Das Leben von Jorge Semprún, 1923 in Madrid geboren, 1939 nach Paris übersiedelt (nach dem Sieg Francos im Spanischen Bürgerkrieg), ist geprägt durch die Opposition von Leben oder Schreiben. 1945 hatten die Amerikaner das Konzentrationslager Buchenwald-Weimar befreit und damit dem Häftling 44 904 die Freiheit und das Leben eröffnet.
Die ersten Versuche, sich mit seiner Zeit als Lagerinsasse literarisch zu verarbeiten, scheiterten. Deshalb entschied er sich gegen das Schreiben und für das Leben, was für ihn bedeutete: im spanischen Untergrund für die kommunistische Partei zu arbeiten. »Wenn das Schreiben mich in der grauenhaften Erinnerung an die Vergangenheit festhielt, so projizierte mich die politische Tätigkeit in die Zukunft. Das zumindest glaubte ich, bis die Zukunft, die die kommunistische Politik zu gestalten vorgab, ihren unheilvollen Charakter enthüllte: Das war nur eine Illusion der Zukunft.«
Als er in der Partei eine dogmatische Härte feststellte, wandte er sich von der Politik ab: davon berichtet Federico Sánchez verabschiedet sich (1994). Diese Abwendung bedeutete eine Hinwendung zum Schreiben: über das Konzentrationslager, über dessen Insassen, über seine Erlebnisse in Buchenwald-Weimar. So entstanden Die große Reise (1981), Was für ein schöner Sonntag (1994) und Der Tote mit meinem Namen (2002). In dem Buch Schreiben oder Leben (1997) hat er diese Opposition in all ihren Dimensionen reflektiert.

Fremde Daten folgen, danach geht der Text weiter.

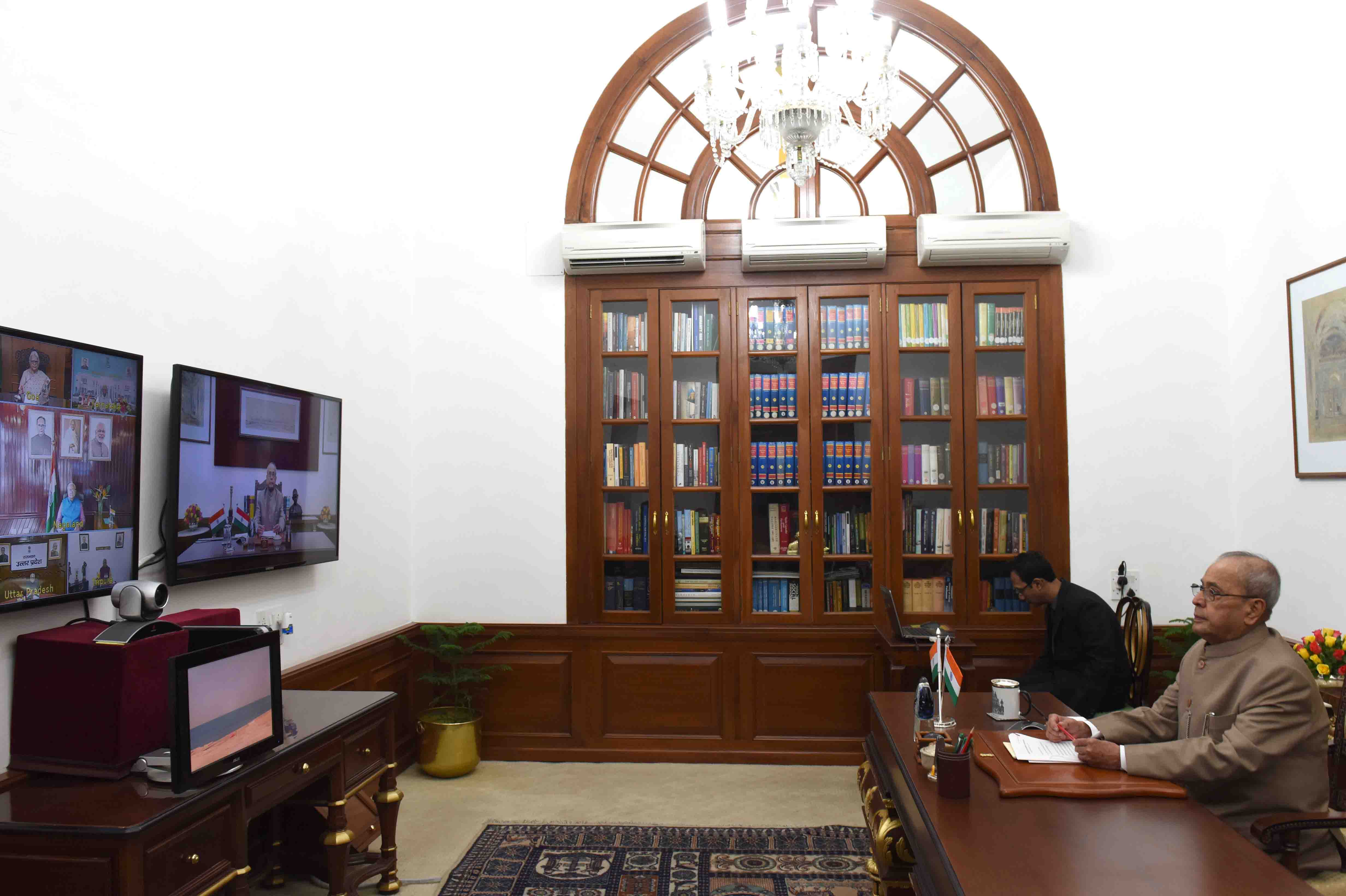 The President of India, Shri Pranab Mukherjee delivering the New Year message to the Governors and Lt. Governors of States/UTs through Video Conference using National Knowledge Network from Rashtrapati Bhavan on January 5, 2017.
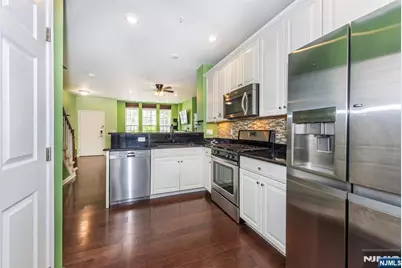 129 Eisenhower Lane 2109 #2109, Wood Ridge, NJ 07075 - Photo 5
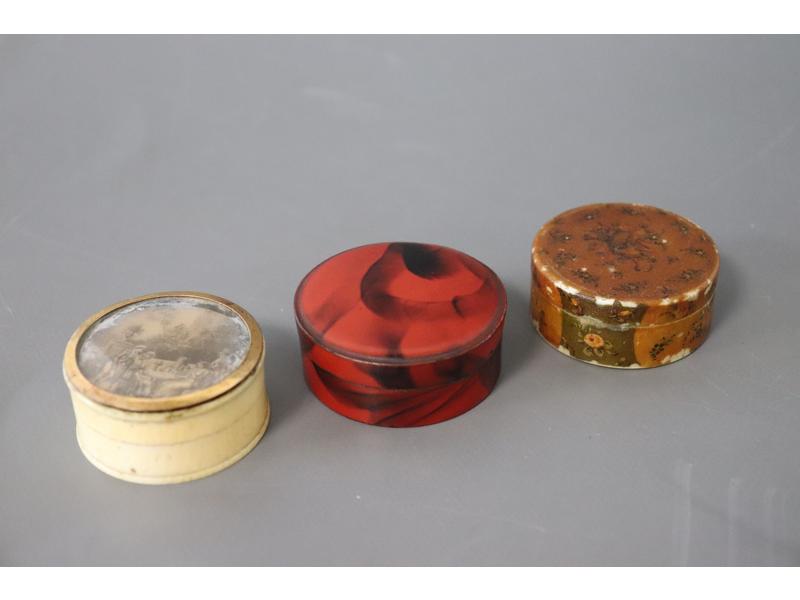 TROIS PETITES BOÎTES rondes:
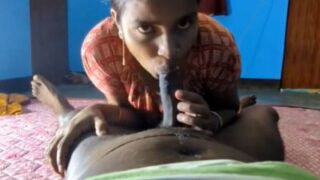 Video Seks Wanita Tamil Ngewe Sambil Nge-ride Kontol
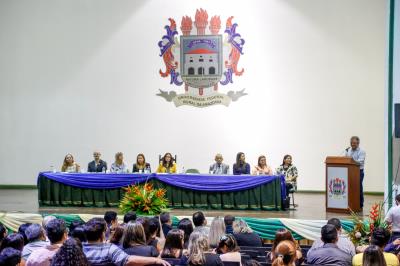 Professores recebem certificados do curso de Aperfeiçoamento em Transtorno do Espectro do Autismo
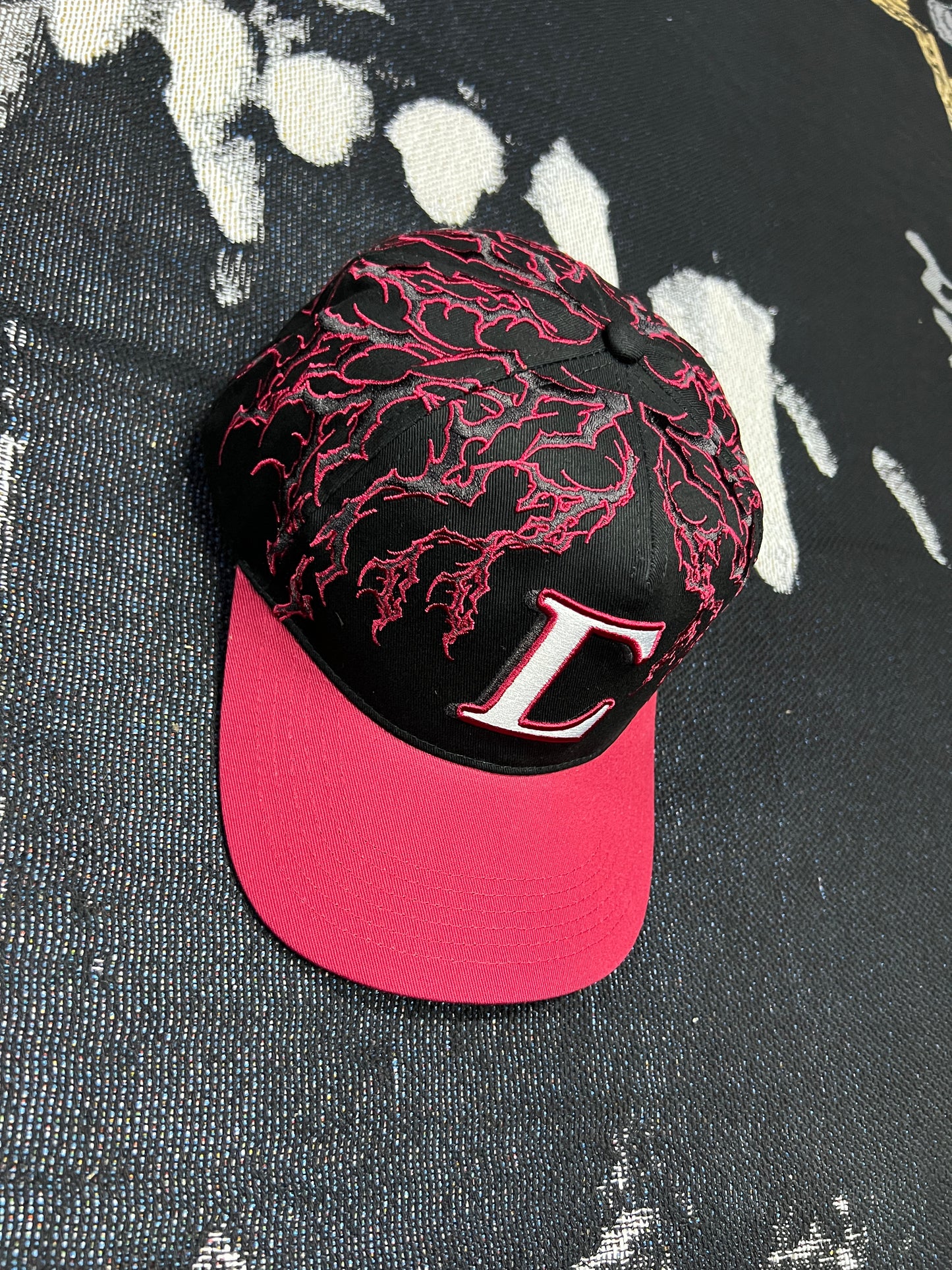 HOLLOW VEINS 5 PANEL STRAPBACK HAT IN BLACK/CHERRY RED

Als er im Jahre 1994 mit dem Friedenspreis des Deutschen Buchhandels ausgezeichnet wurde, reflektierte er sein Verhältnis zu Deutschland: von diesem Land verlangte er eine politische soziale und literarische Auseinandersetzung mit den beiden Totalitarismen von Faschismus und Kommunismus und benannte als zentralen Gedenkplatz dafür Buchenwald, »besser gesagt, das Binom Weimar-Buchenwald, ist der historische Platz, der diese doppelte Aufgabe am besten symbolisiert: die der Trauerarbeit, um der Vergangenheit kritisch Herr zu werden; die der Ausarbeitung von Grundsätzen für eine europäische Zukunft, damit die Irrtümer der Vergangenheit vermieden werden können.«
Zur Sonderseite von Jorge Semprún »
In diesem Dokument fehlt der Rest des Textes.